A hoard of snails were on the attack at #ArchHillFarm this spring, plentiful after a historically warm winter, making for a battle to save seedlings, sadly the pumpkins couldn’t be saved from an escape artist chicken (ever watched Chicken Run?) much more voracious than the snails; but despite battling with a lack of rain, tomatoes are ripening, beans have reached for the sky leaving us gifts as they’ve climbed, zucchinis are appearing in every second meal and loads of self seeded surprises have proliferating between the cracks. I hope some of you are cashing in on the bounty of photosynthesis as well. Our launch date didn’t really coincide with projects for your garden — other than maintenance and nourishment — so I decided to introduce you to the rebellious infancy of guerrilla gardening instead.


Like any movement, action tends to spring from scarcity, and guerrilla gardening was born a very long time ago amongst a bunch of radical Protestants with a bone to pick with the scarcity born from the enclosure of common land.

Pictured: Gerrard Winstanley


Enclosure


The fence, Raj Patel maintains, is a “technology of displacement”, a technology we perceive to be associated with containing cows or sheep (or renegade chickens) but originally used to eject the peasantry from common land, leaving them with nothing but their labor to sell in exchange for their subsistence.


Under feudalism, land rights were shared, lords ‘held’, but did not (in the modern sense) legally own their land; they couldn’t sell or exchange it, and commoners couldn’t be excluded from the use of the ‘open fields’ of The Commons – where they could forage, hunt, graze animals and collect water to sustain their communities.


But progress and power weren’t fans of The Commons, taxation and debts imposed on landholders by Henry VII saw the fences start to go up in the late 1400’s, setting in motion a process that would take several centuries in England — peaking between 1760 – 1832 — eventually completely eradicating the way of life of the medieval peasantry. A process which spread through colonisation and continues in the form of land grabs throughout the third world.


Enclosure was the original privatisation and the birth of industrial monocultural agriculture. First land was enclosed to pay those taxes and debts with the increasingly profitable enterprise of sheep farming, providing not only land to graze, but also a supply of — now hungry — agricultural wage labor.
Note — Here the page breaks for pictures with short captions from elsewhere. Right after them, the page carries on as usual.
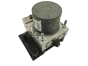Αντλία Abs Fiat Idea Lancia Musa 51793305 0265950511 67847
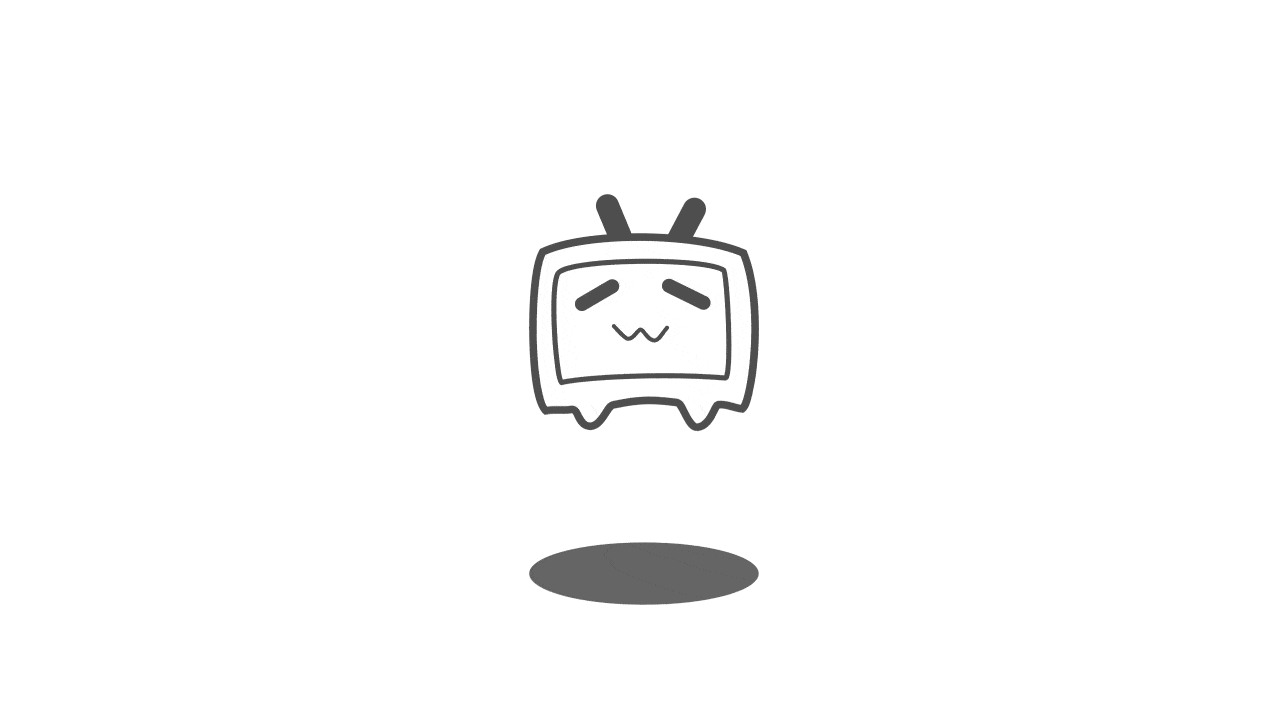 生死牛玉儒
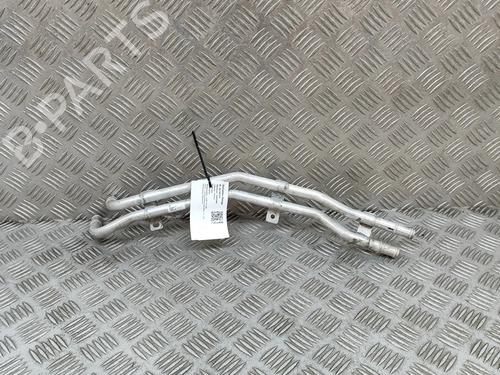 Used Pipe Pipe AUDI Q7 (4MB, 4MG, 4MQ) 3.0 TFSI quattro (333 hp) 21486865 21486865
Later, the land reform of 1646 gave landholders absolute power over previously shared land. Then the Parliamentary ‘Inclosure Acts’ of the eighteenth and early nineteenth century put the final nail in the coffin of the peasantries right to The Commons. Conveniently coinciding with the birth of capitalism, the centralised state and the Industrial Revolution, the Inclosure Acts morph feudalism to landlordism and both the Commons and small farms are swallowed up into massive land holdings.
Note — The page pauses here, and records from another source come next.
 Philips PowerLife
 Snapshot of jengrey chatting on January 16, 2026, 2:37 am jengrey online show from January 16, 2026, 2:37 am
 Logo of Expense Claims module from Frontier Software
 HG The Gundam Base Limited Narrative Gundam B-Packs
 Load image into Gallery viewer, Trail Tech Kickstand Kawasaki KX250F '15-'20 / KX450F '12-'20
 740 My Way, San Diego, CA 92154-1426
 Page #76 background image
Enclosure sees commoners became a landless working class, displaced first to provide the cheap labour required by agriculture, and later for the Industrial Revolution. It’s not easy to get a population full of beer and mead with access to land and alternative means of subsistence to tend another’s sheep or to work a twelve hour day in a grimy factory.


The Diggers


But various groups of commoners refused to lay down without a fight. I’ve got a soft spot for The Diggers, a group of Protestant radicals who weren’t having a bar of this injustice and emerged as a reaction to the land reforms of 1646. Understanding the importance of land, the power of food and believing in a connection between people and their natural surroundings — “true freedom lies where a man receives his nourishment and preservation, and that is in the use of the earth” — they had a plan.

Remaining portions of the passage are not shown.